====== Dataset extract ======
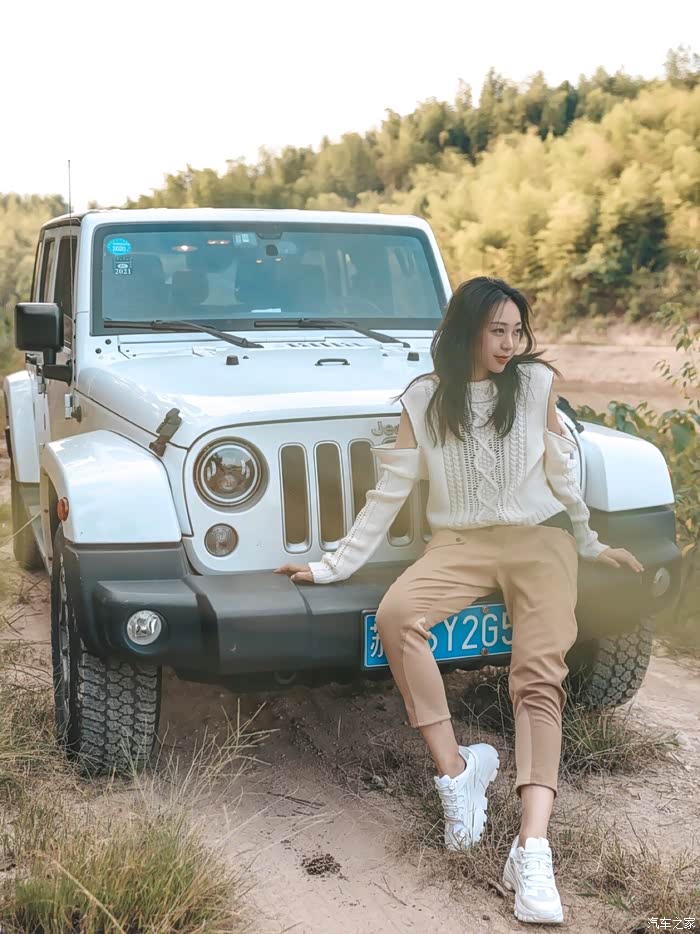 牧马人座驾真是犀利,美女的女车主带给你的大片.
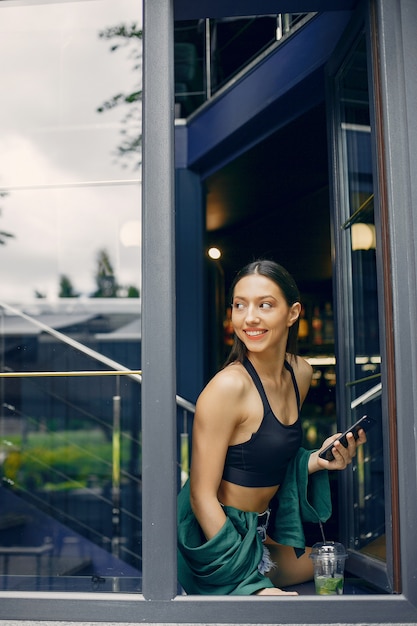 Mode meisje permanent in een zomerterras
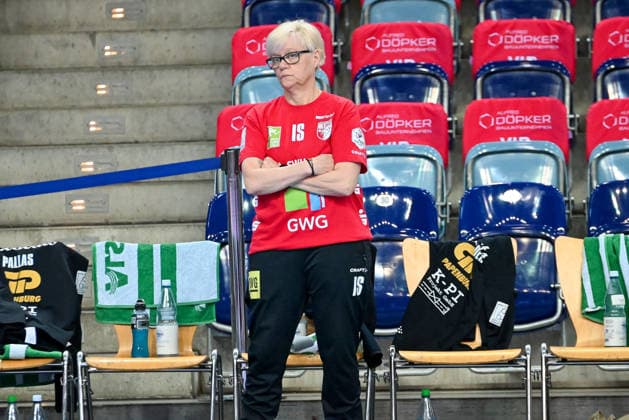 Ines Seidler (SV Union Halle-Neustadt, Trainerin) VfL Oldenburg vs. SV Union Halle-Neustadt, ALSCO Handball Bundesliga Frauen, Playoffs, 2. Spieltag, Saison 2025 2026, 25.04.2026, VfL Oldenburg vs. SV Union Halle-Neustadt, ALSCO Handball Bundesliga Frauen, Playoffs, 2. Spieltag, Saison 2025 2026, 25.04.2026 Oldenburg Copyright: xEibner-Pressefoto RobertxGertzenx EP_RGN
======
* **Problem details**: Everything in the material goes into the copy exactly, except the images.

* **Your solution**:
 牧马人座驾真是犀利,美女的女车主带给你的大片.
 Mode meisje permanent in een zomerterras
 Ines Seidler (SV Union Halle-Neustadt, Trainerin) VfL Oldenburg vs. SV Union Halle-Neustadt, ALSCO Handball Bundesliga Frauen, Playoffs, 2. Spieltag, Saison 2025 2026, 25.04.2026, VfL Oldenburg vs. SV Union Halle-Neustadt, ALSCO Handball Bundesliga Frauen, Playoffs, 2. Spieltag, Saison 2025 2026, 25.04.2026 Oldenburg Copyright: xEibner-Pressefoto RobertxGertzenx EP_RGN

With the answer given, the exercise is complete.